_DATA SHOWN:_
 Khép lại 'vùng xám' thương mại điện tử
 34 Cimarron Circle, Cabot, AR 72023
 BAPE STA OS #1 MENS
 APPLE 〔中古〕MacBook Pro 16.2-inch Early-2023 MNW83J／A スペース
==
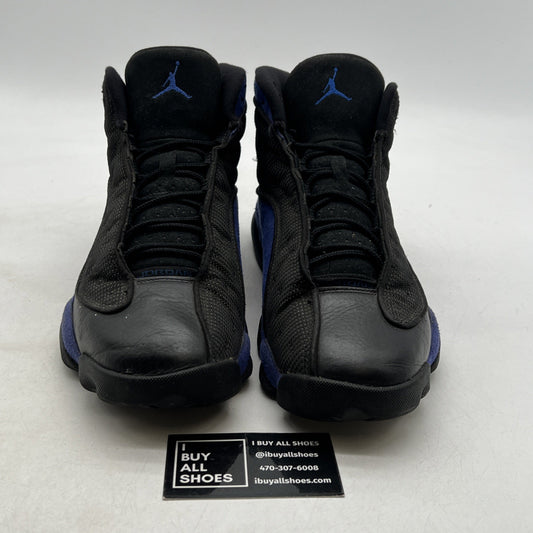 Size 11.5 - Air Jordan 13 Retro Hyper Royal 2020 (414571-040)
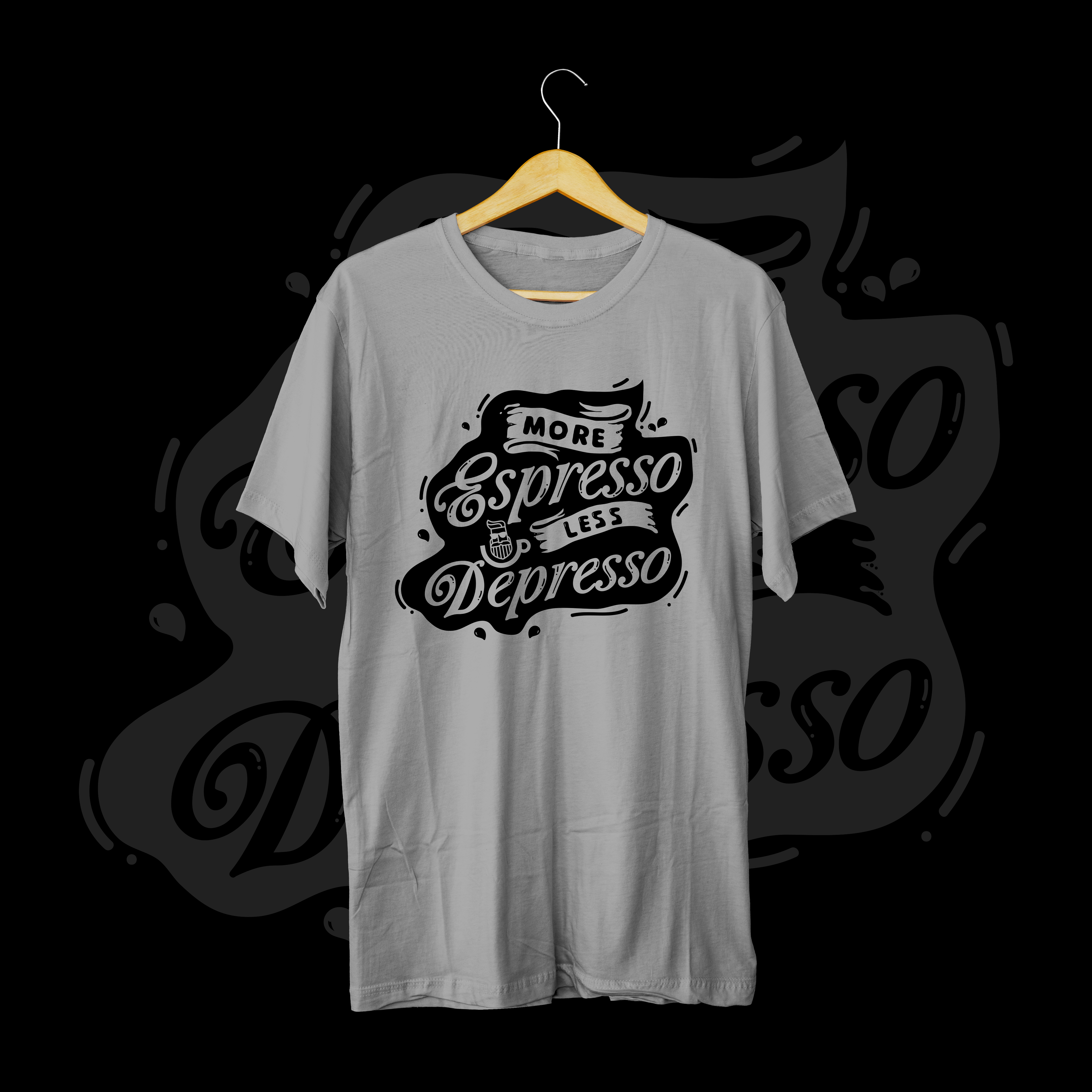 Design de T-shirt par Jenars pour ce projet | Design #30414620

_WHAT TO PRODUCE:_
Set down only the lines above that fall between the line holding "BAPE STA OS #1 MENS" and the line holding "APPLE 〔中古〕MacBook Pro", inclusive, keeping each exact.

_ANSWER SECTION:_
 BAPE STA OS #1 MENS
 APPLE 〔中古〕MacBook Pro 16.2-inch Early-2023 MNW83J／A スペース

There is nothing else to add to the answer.